El 'Don Juan' de Lord Byron: óxidos de plata en el espejo del mito
Una traducción del Don Juan (Penguin), a cargo de Andreu Jaume, y la monumental biografía de Fiona MacCarthy (Debate), nos devuelven al gran poeta del romanticismo inglés en el bicentenario de su muerte en Grecia
21 junio, 2024 19:00“Los que viven de las rentas, se dice, / mueren más tarde, Dios sabe por qué, / quizás para suplicio de los prestamistas, cierto / que algunos, según creo, nunca mueren”. Estos versos del Don Juan de Byron, considerada la obra maestra del gran poeta romántico inglés, que lo era en espíritu y en actitud más que en estricta materia métrica –su poema sobre el mito del burlador de Sevilla, creado por Tirso de Molina, está escrito en ottava rima, una estrofa de ascendencia italiana de ocho versos yámbicos, fieles a un patrón endecasilábico–, sugieren, en una primera lectura, cierta sensación de extrañeza. Hablan en un lenguaje que puede parecer alto y remoto. En realidad son un presagio. Las líneas que leemos tratan sobre nosotros:
“De entre todas las bárbaras Edades Medias / es la más bárbara la edad media del hombre. / Se trata no sabría muy bien decir de qué; / pero cuando oscilamos entre el bufón y el sabio / y no sabemos en verdad qué nos espera, / un periodo algo parecido a página impresa, / letra gótica en folio, mientras el cabello / se nos vuelve canoso y no somos ya lo que éramos”.
Son versos que, en su momento, expresaron un espíritu inequívocamente moderno. El Don Juan de Byron no es exactamente un personaje galante. O, al menos, no lo es de idéntica manera que sus antecesores. Encarna otro arquetipo: un ser desarraigado, ilustre y asilvestrado, que se guía según sus pasiones, pero que, inmerso en ellas, no desdeña el retrato burlesco ni la meditación sobre el mundo. El poema no concluye –quedó inacabado por la temprana muerte del autor, sexto señor de la estirpe, de la que ahora se cumple el bicentenario– pero, justamente por eso, resulta una obra fascinante. La meta no es el destino. Es el viaje.
Ya sabemos que existen ruinas mucho más hermosas que los edificios que el tiempo ha dejado incólumes. Cabe, por tanto, establecer analogías entre el monólogo dramático del Don Juan y la biografía heroica (ma non troppo) del poeta, cuyo mito se ha instalado en la posteridad a costa de ensombrecer su literatura. A Byron se le celebra como uno de los grandes; rara vez, sin embargo, se lee su obra a fondo.

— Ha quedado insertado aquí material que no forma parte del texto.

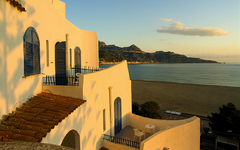 Hotel im mediterranen Stil mit Blick auf das Meer bei Sonnenuntergang.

Andreu Jaume ha corregido esta paradoja –que comparten muchos otros escritores clásicos– en una nueva edición del Don Juan (Penguin) que acaba de llegar a las librerías con una traducción excelente (salida de su mano, que ha vertido antes al español todo Shakespeare, T.S. Eliot, Geoffrey Hill, Wallace Stevens, Anne Carson, Rilke o Iris Murdoch, entre otros) y una presentación, sabia y exacta, que arranca la máscara de la estatua del personaje para devolvernos al mayor impertinente de la Inglaterra hipócrita y puritana, pero contemplado desde un punto de vista diferente. Probablemente mucho más exacto.
¿Y si Don Juan, en lugar de un seductor calavera, fuera un hombre seducido por el fulgor del deseo femenino? La lectura inversa del mito tradicional tiene un fondo irónico, al situar al libertino no en su condición de modelo del insigne pecador, sino como la génesis secreta del pecado (carnal) de las damas. Ellas son, a su manera, igual que nosotros. Cualquier posmoderno se atrevería a decir que Byron, embozado en la capa del burlador hispalense, se retrata como una víctima. No hay caso. Sucede simplemente que la buena literatura es ambigua. El Don Juan del poeta inglés no practica la demagogia de los indignados con la realidad (entre otras cosas, porque en su tiempo semejante actitud no era concebible). Presume de su desajuste. Su personaje es una destilación de la incorrección política mucho antes de que la dictadura del decoro empezase a cortar cabezas en público, igual que los verdugos de la guillotina francesa.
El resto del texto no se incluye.